"Efficient Sequential Monte Carlo Bayesian geoacoustic inversion of large volume dataset from Malta Plateau" by Eric Mandolesi (University of Victoria, Canada)
DIAS seminar will continue September 1st at 16.00 with a talk by Eric Mandolesi, from the University of Victoria, Canada. He will present his latest results on the inversion of ocean acoustic data using Bayesian Monte Carlo techniques.
1st September 2017
Seabed geoacoustic properties play a crucial role in shallow-water sonar applications, including the detection of unexploded ordnance. Our goal is improved efficiency of Bayesian seabed parameter and uncertainty estimation for large data volumes. While Bayesian uncertainty estimation provides important information for sonar applications, the approach is computationally expensive which limits utility for large surveys. This work considers the efficiency of a particle filter to quantify information content of multiple data sets along the survey track by considering results from previous data along the track to inform the importance sampling at the current point. Efficiency is improved by tempering the likelihood function of particle subsets and including exchange moves (parallel tempering), and by adapting the proposal distribution along the Markov-chains. Particularly, perturbations are proposed in principal-component space.

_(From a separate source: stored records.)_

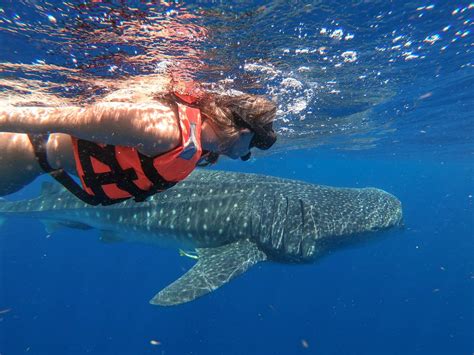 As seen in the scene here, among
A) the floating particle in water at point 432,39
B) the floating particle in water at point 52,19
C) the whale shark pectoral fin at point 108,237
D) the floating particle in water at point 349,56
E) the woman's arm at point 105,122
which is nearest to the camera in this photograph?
the woman's arm at point 105,122

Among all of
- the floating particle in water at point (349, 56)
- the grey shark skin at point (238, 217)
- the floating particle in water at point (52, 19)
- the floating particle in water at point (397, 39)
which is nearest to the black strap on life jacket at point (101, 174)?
the floating particle in water at point (52, 19)

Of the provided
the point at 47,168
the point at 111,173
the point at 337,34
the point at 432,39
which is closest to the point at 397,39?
the point at 432,39

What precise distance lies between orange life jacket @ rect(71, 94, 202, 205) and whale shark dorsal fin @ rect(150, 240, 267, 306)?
8.55ft

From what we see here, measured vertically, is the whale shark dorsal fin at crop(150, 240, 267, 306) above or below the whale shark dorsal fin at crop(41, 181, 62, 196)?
below

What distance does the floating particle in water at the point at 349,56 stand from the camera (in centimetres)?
822

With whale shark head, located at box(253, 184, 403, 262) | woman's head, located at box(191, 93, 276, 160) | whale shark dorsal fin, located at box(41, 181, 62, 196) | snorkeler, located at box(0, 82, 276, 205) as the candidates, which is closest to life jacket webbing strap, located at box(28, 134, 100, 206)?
snorkeler, located at box(0, 82, 276, 205)

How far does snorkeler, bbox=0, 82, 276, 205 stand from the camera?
2.63 meters

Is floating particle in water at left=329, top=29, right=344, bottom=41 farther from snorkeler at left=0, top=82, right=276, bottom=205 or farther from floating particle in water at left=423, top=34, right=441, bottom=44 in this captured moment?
snorkeler at left=0, top=82, right=276, bottom=205

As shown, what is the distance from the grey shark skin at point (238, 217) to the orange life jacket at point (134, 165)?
3628 mm

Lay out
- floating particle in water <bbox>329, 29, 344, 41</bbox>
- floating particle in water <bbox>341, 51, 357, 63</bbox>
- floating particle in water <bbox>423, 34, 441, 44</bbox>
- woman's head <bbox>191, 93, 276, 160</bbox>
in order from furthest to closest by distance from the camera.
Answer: floating particle in water <bbox>341, 51, 357, 63</bbox> < floating particle in water <bbox>423, 34, 441, 44</bbox> < floating particle in water <bbox>329, 29, 344, 41</bbox> < woman's head <bbox>191, 93, 276, 160</bbox>

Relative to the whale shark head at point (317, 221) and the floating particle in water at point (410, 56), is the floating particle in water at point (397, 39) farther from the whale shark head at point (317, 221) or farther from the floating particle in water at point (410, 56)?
the whale shark head at point (317, 221)

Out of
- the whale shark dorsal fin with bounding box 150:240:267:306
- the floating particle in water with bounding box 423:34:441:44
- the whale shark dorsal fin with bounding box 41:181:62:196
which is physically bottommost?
the whale shark dorsal fin with bounding box 150:240:267:306

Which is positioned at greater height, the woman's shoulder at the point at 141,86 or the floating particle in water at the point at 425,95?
the woman's shoulder at the point at 141,86

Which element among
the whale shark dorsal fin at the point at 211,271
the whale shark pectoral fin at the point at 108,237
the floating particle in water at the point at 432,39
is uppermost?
the floating particle in water at the point at 432,39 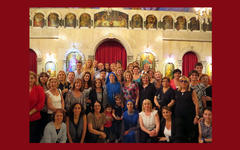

The developed filter has been applied to seabed reflectivity data recorded using an autonomous underwater vehicle (AUV) on the Malta Plateau. The inversion provides rich seabed information in a reasonable time framework. The survey reveals a low-velocity (<1500 m/s) wedge with low attenuation of initially 1.2-m thickness, thinning towards the Sicilian coast and disappearing after 8 km. An erosional, high-velocity boundary is increasingly buried by low-velocity material towards the coast.
Location and time: The seminar will be held at 16.00 Friday Sept. 1st in the Dublin Institute for Advanced Studies Geophysics Library, 5 Merrion Square, Dublin 2.